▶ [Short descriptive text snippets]
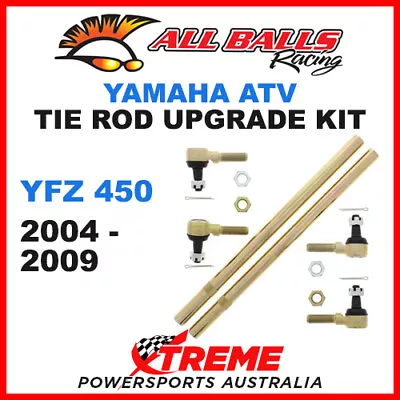 All Balls 52-1004 Yamaha YFZ 450 YFZ450 2004-2009 Tie Rod Upgrade Kit • $202.35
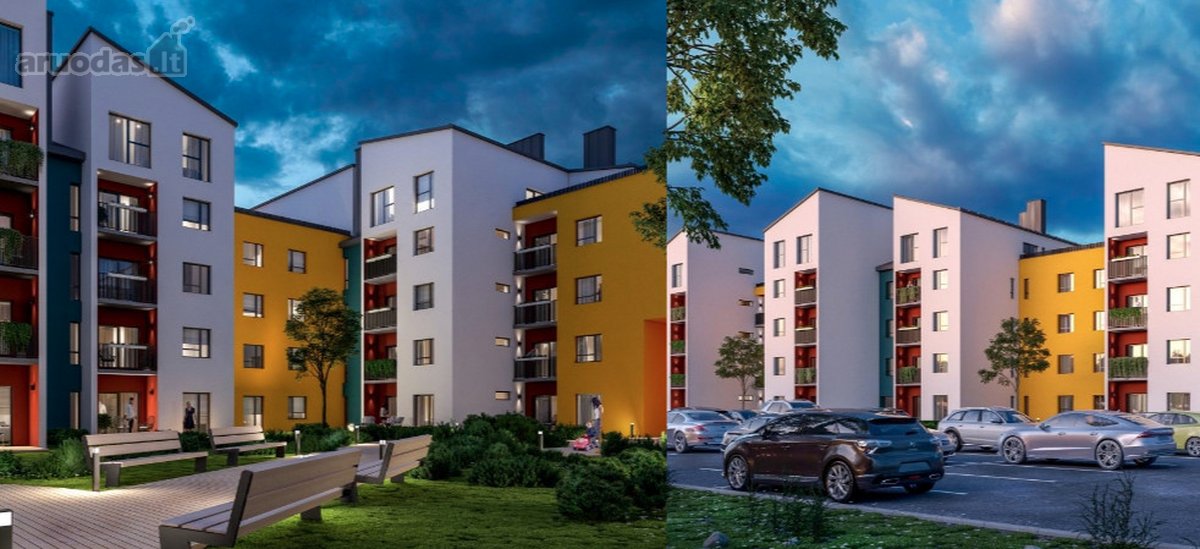 Parduodamas 43 Kv. M Butas Su Terasa Naujos - nuotraukos Nr. 12
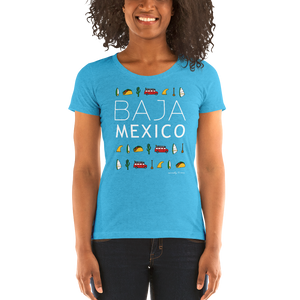 BAJA ELEMENTS Women's Fitted Tee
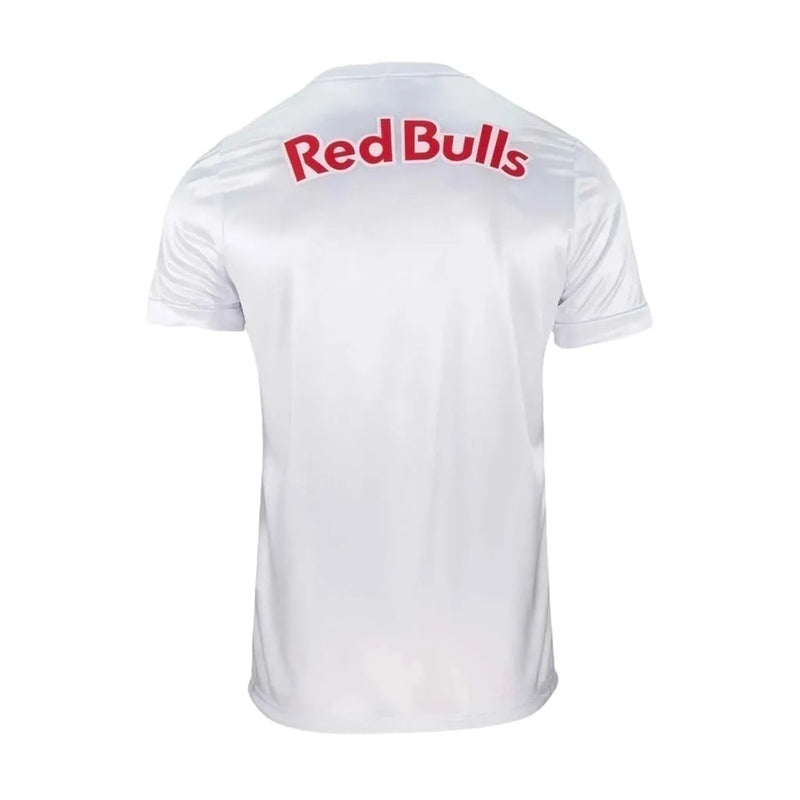 Camisa Red Bull Bragantino Pré-jogo 23/24 - Torcedor Nike Masculina - Branca com detalhes em vermelho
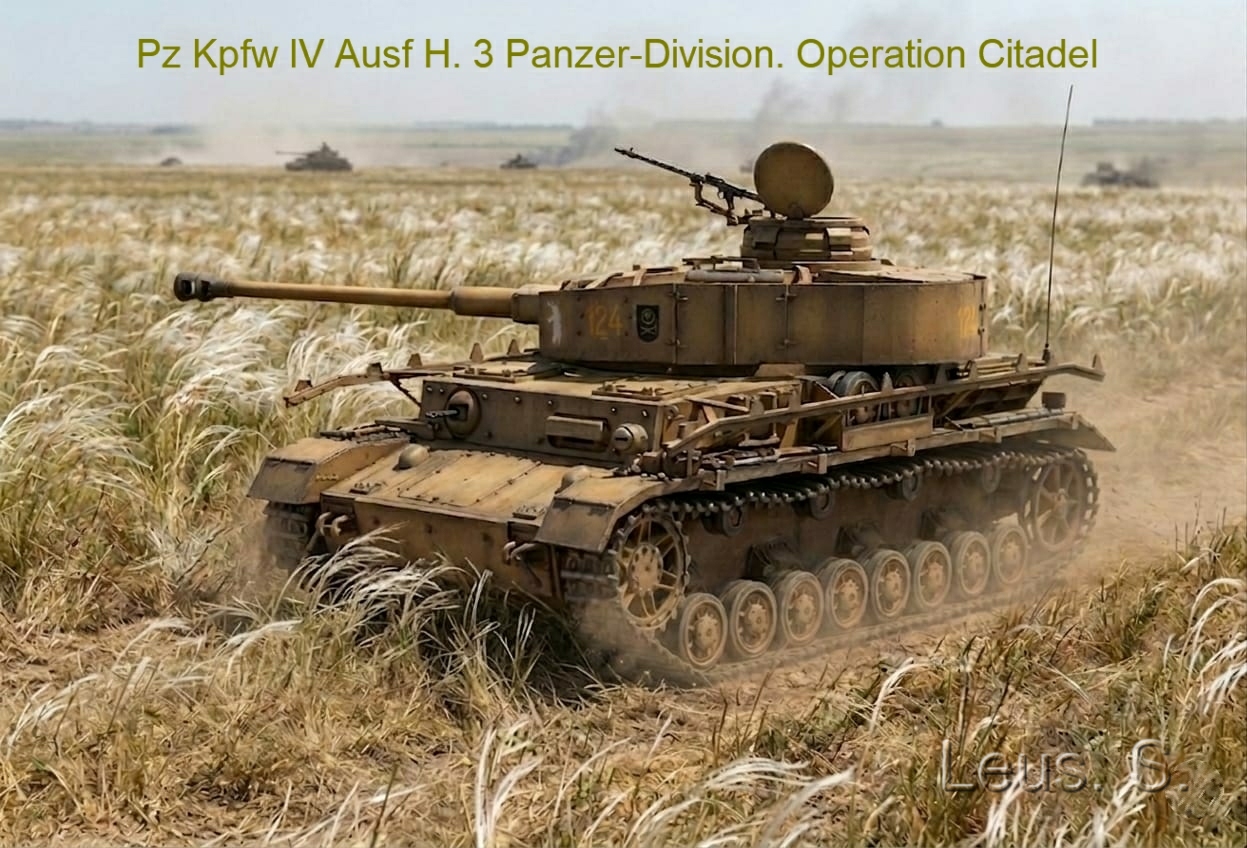 Pz Kpfw IV Ausf Н. 3  Panzer-Division. Operation Citadel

▶ [WORK INSTRUCTIONS] Your task is to repeat the entries above exactly, omitting the pictures.

▶ [EXERCISE ANSWER]
 All Balls 52-1004 Yamaha YFZ 450 YFZ450 2004-2009 Tie Rod Upgrade Kit • $202.35
 Parduodamas 43 Kv. M Butas Su Terasa Naujos - nuotraukos Nr. 12
 BAJA ELEMENTS Women's Fitted Tee
 Camisa Red Bull Bragantino Pré-jogo 23/24 - Torcedor Nike Masculina - Branca com detalhes em vermelho
 Pz Kpfw IV Ausf Н. 3  Panzer-Division. Operation Citadel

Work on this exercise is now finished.